The question sounds simple. In practice, it gives many managing directors headaches. The law has several exceptions, the terms "product" and "service" are defined more narrowly than in everyday usage, and many companies wrongly assume they are automatically exempt as B2B providers.
This quick-check helps you answer the question in a few minutes. You'll find the complete guide to accessible websites in the pillar article for this category.
What Does the BFSG Actually Regulate?
The Barrierefreiheitsstärkungsgesetz (BFSG) transposes EU Directive 2019/882 into German law. According to the Federal Centre for Accessibility (Bundesfachstelle Barrierefreiheit), the law applies from 28 June 2025 onward, covering products placed on the market from that date and services provided from that date. The goal is straightforward: people with disabilities should be able to use digital offerings on equal terms.
What surprises many people is this: the law does not only apply to public bodies such as authorities and universities. Those have been subject to BITV 2.0 for years. The BFSG is the new law for the private sector. It targets companies that are active in the market.
BFSG vs. BITV vs. WCAG: What Is What?
Three acronyms come up again and again on this topic.
WCAG (Web Content Accessibility Guidelines) is the international technical standard published by the W3C (World Wide Web Consortium). It defines specific success criteria at three levels: A, AA, and AAA. Level AA is the legal minimum standard for private companies.

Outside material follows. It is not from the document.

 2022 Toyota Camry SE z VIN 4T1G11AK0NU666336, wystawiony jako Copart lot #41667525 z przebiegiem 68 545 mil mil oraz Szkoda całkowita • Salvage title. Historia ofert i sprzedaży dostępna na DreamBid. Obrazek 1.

BITV 2.0 (Barrierefreie Informationstechnik-Verordnung, Germany's Accessible Information Technology Ordinance) applies exclusively to public bodies: government agencies, universities, and state institutions. It's not new, and it does not directly affect most private-sector companies.
The BFSG is the new obligation for businesses. It builds technically on WCAG 2.1 AA criteria, but also adds organisational requirements, such as conformity statements and accessibility declarations on your website. Meeting the BFSG means you also meet the WCAG requirements technically. The reverse is not automatically true: WCAG conformance alone is not enough if the organisational BFSG obligations are missing.
Who Does the BFSG Apply To: Affected Parties and Exceptions?
The law applies to all companies that offer products or services involving consumers in Germany. "Involving consumers" means there must be a connection to end customers (private individuals), not just to other businesses. Companies operating exclusively B2B generally fall outside the law. The question is not always straightforward to answer, which is why an individual review makes sense.
The Micro-Enterprise Exemption
An important exception applies to very small businesses. Companies with fewer than 10 employees and annual revenue of at most €2 million qualify as micro-enterprises. These businesses are exempt from the BFSG for services.
One important caveat: the exemption applies only to services. A micro-enterprise that sells physical or digital products, such as software, hardware, or digital content, is still subject to the obligation. This includes small online shops.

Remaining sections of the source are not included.